The Demand Solutions Blog

AirBnB in Multifamily: Friend or Foe?

by Donald Davidoff | October 05, 2016

airbnb-logo.pngA couple of weeks ago, AirBnB announced its Friendly Building program. By applying to join, multifamily owners can control which units are eligible for short-term rentals as well as terms such as lengths of stay, number of nights, etc. And the landlord will earn 5 to 15% of the tenant’s revenue on any rentals.

Then last week, at the MFE Conference in Las Vegas, I met an owner from Kansas City who was testing renting two units to a small business that placed units on AirBnB. This business was paying a 60% premium for those units on a 12-month lease.

With all of this new activity, I thought it might be a good time to discuss the opportunities and potential challenges with AirBnB in multifamily. There are three ways in which apartment owners can participate in the sharing economy:

1. Allow residents to sub-lease through sites like AirBnB. This is what the Friendly Building program is all about.

2. Allow businesses or individuals who have no intention of living at your community to lease apartments (at a premium) that they will then sell on sharing sites.

3. Participate directly by furnishing one or more units and marketing them for short-stay through AirBnB.

These options each come with their own set of considerations. I’ve sat in on at least four industry conference panels or presentations, and here’s a summary of the concerns that I’ve heard.

  • Liability. The biggest concern seems to be a fear of liability. I’m not an attorney, but my layman’s understanding would indicate this is a much smaller issue than it’s made out to be.

    • For options 1 and 2, the owner is not a party to the sub-lease. A tenant would be responsible for their AirBnB guest the same as if they had a friend stay over to house or pet sit. And in the case of option 2 (or even option 1), you could require higher levels of insurance and being a named insured as a condition for removing the prohibition against sub-leasing.

    • For option 1, AirBnB is offering $1 million liability coverage (and for larger owners may be willing to negotiate on that).

    • If liability is enough of a concern for you, then it’s a good reason not to try option 3. But option 2 gives some third-party distance which reduces the liability risk.

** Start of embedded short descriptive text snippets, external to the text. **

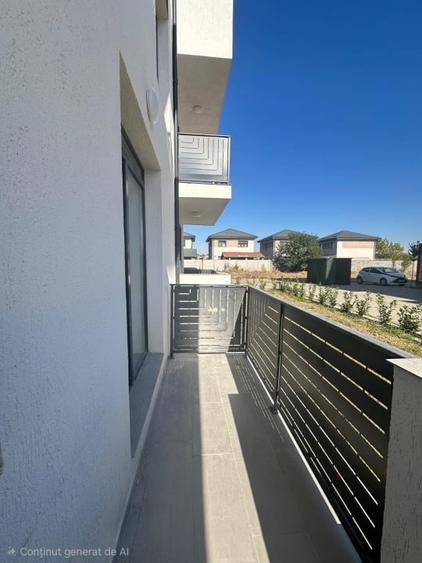 Garsonieră decomandată în Bragadiru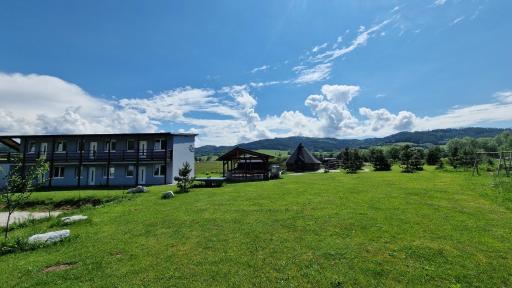 Pod Bukovkou - Housity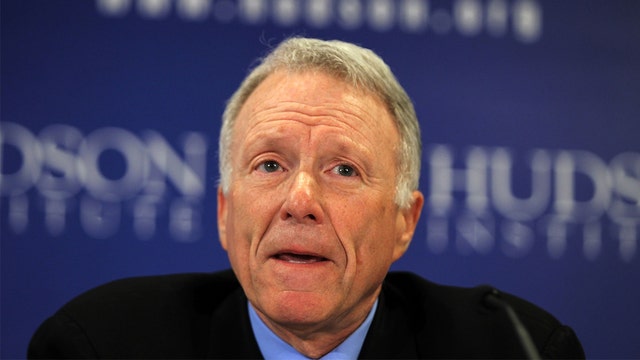 President Trump pardons Scooter Libby, former Dick Cheney aide ensnared in Valerie Plame affair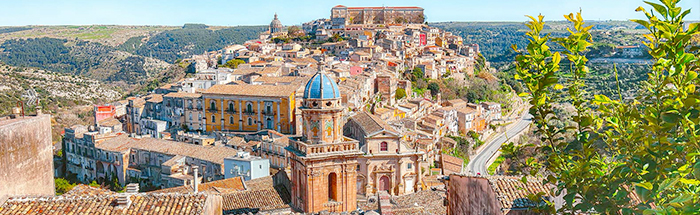 VITTORIA: FROM THE SOIL OF SICILY TO THE HEART OF WALL STREET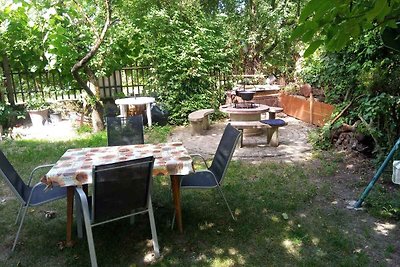 Casa vacanze Vacanza di relax Balatonfenyves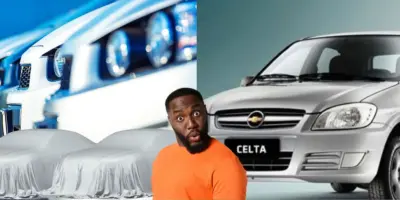 Retorno TRIUNFAL do Celta, Gol e +2 populares: Montadoras ressuscitam 4 carros amados do Brasil após anos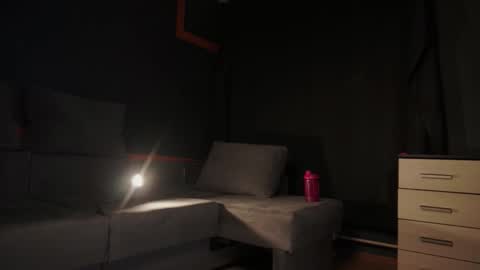 Anastasia online show from December 20, 8:27 pm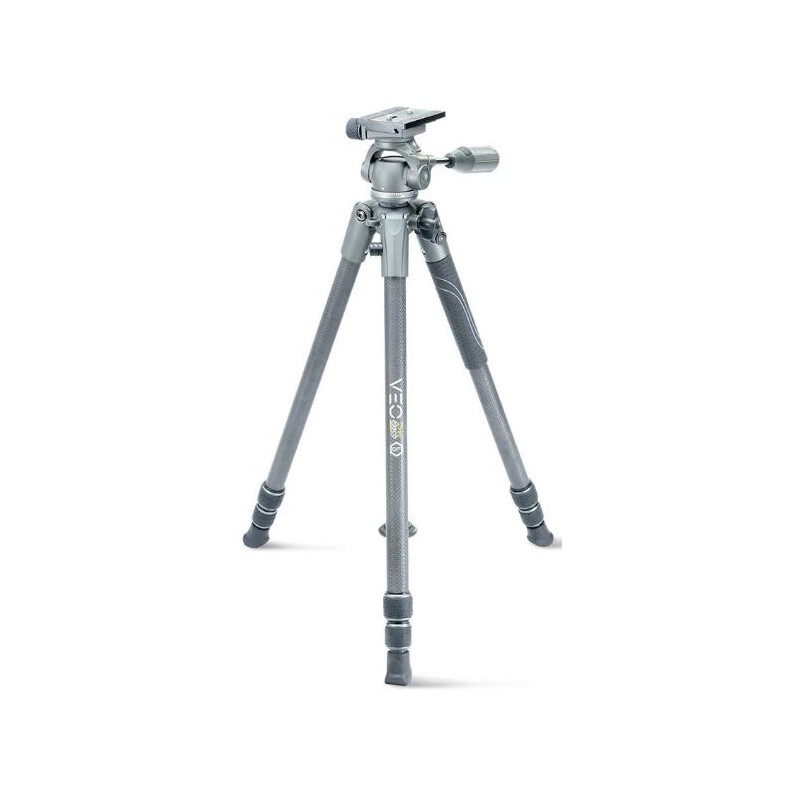 Vanguard Trípode de carbono Veo 2 Pro 233CO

    • There is some truth to the notion that you could be sued anyway, so you would still have to deal with the hassle and cost of defending yourself. Insurance can mitigate the cost. As for the hassle, I would argue that we can get sued almost any time for almost anything, so I wouldn’t let that fear get in the way of a good business decision.

  • Screening. I’ve heard many concerns about screening. Candidly, I find this a bit odd since we don’t screen guests of residents who stay overnight (or a few nights) so why worry so much about this? And if you do fear this, consider that AirBnB has a screening program of its own including former owner feedback on individual renters. While they won’t disclose the exact nature of the screening, they’re comfortable enough with it to offer the $1 million liability coverage.

  • Sense of community. With the average length of stay in a garden community typically less than two years and at or a bit below three years in urban high-rise, I’m not sure I buy the notion that there’s a strong sense of community to lose. That doesn’t mean residents don’t like us or have friends; it just means the bond is not likely as strong as those with this critique believe. Moreover, as a matter of pure actuarial math, it’s not like every day will have numerous short-term stay guests. With options 2 and 3, you can control how many units are available at any given time; and for all three options, you could create buildings or floors in which short-term stays are allowed and others where they’re not. When you think of it, it’s somewhat analogous to dog policies. Some residents love living in a dog friendly building and some prefer otherwise. I’ve had clients who designate certain buildings or floors to be pet friendly and others to be “no bark” zones. I should also mention that there are many operators who rent to short-term stay providers and/or have their own short-term stay operations.

  • Residents will be upset. I think this is a flavor of the “sense of community” concern. I remember the early days of pricing and revenue management. Many were worried prospects would respond negatively to dynamic pricing. I always believed the public at that time was used to the concept, so it wouldn’t be a big issue; and it turned out exactly to be the case. Similarly, I think the public (particularly Millennials) are aware of the shared economy and won’t really care. This is backed up by some recent research J Turner did for the MFE 2016 concept community. Fifty-four percent of respondents said that allowing residents to lease their units out on AirBnB was either not a factor or was viewed as a positive amenity. Only 25% answered they would “definitely not” lease at a community that allowed this. (Note: I believe a survey like this overstates objections since it’s easy for a respondent to say they’ll behave one way when they’ll really not care, or even notice, when confronted with the actual situation while leasing).

  • Cost and hassle. This really only applies to option 3, so don’t choose that if you’re concerned about this.

So why, you may ask, do I think it’s a good idea to at least experiment with the sharing economy? As a demand management and pricing strategist, I am attracted by the opportunity to segment and optimize a high-yield demand stream, especially given how hard it is to move the revenue needle in our business. This could help us increase average rents and, in some cases, even occupancy for challenged communities.

The math can be compelling. Take the case of the Kansas City community mentioned earlier. Assuming a $1200 average rent and a 6.5% cap rate, that’s $17,280 in incremental revenue and a valuation increase north of $265,000 (on an urban or luxury property with $2000 plus rents, this could be a half a million or more dollars in increased value). Assume a 250-unit community, and that’s the same as a 5bps increase in rent on the entire property coming from just two units.

Lastly, I would argue that this is happening right now anyway. Whether you realize it or not, chances are residents of yours are listing units on these sites today, and have been doing so for a while. While I’m sure something can go wrong (things go wrong every day with our “normal” residents), if the practice created many problems, we’d be deluged with complaints already.

One final note: you may have noticed I left off local laws and regulations as an objection. I did this intentionally as I would never advocate breaking local laws to try this out. So this entire discussion presumes we would implement options only where allowed by local rules.